This is a guest post by Mitch Ruhl, a paralegal specialist in the American Law Division of the Congressional Research Service.
One of the challenges for any researcher tackling questions of constitutional interpretation is knowing where to start. The Congressional Research Service’s (CRS) Constitution of the United States of America: Analysis and Interpretation (or “Constitution Annotated”) serves as the official legal treatise on the constitution, offering a comprehensive, authoritative, and nonpartisan analysis of the most important document in American history. This year marks the publication of the latest decennial edition and the fourth anniversary of the Constitution Annotated website.
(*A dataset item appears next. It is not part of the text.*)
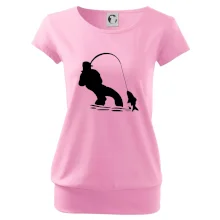 Rybář tahající rybu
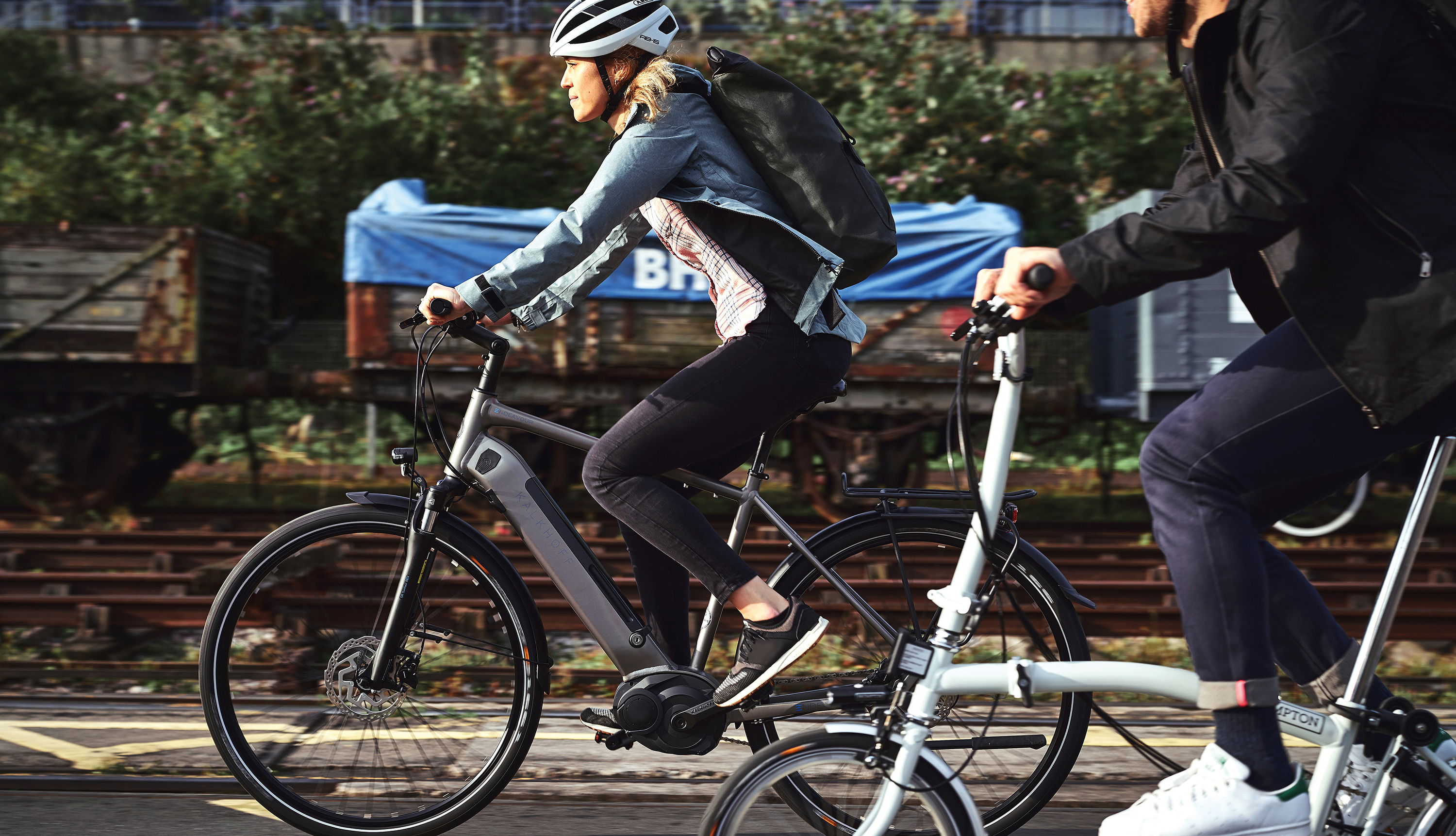 Two people on bicycles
As part of this anniversary, CRS has produced a new research guide dedicated to helping the general reader navigate and understand the Constitution Annotated, whether they are congressional staffers, seasoned attorneys, university students, or anyone interested in the Constitution and how it relates to current issues.
This research guide walks the reader through the Constitution Annotated website; the methodology behind its component essays; additional resources created by CRS, including a comprehensive table of cases cited in all essays, a table of overruled Supreme Court decisions, sets of introductory essays, and a topical guide for each section of the Constitution and its amendments. The Constitution Annotated research guide will be regularly updated as new essays and resources are added and edited.
Researchers of all backgrounds can use this research guide to delve into this unique and important treatise and further their understanding of how America’s founding document relates to current Supreme Court cases and discussions surrounding constitutional issues.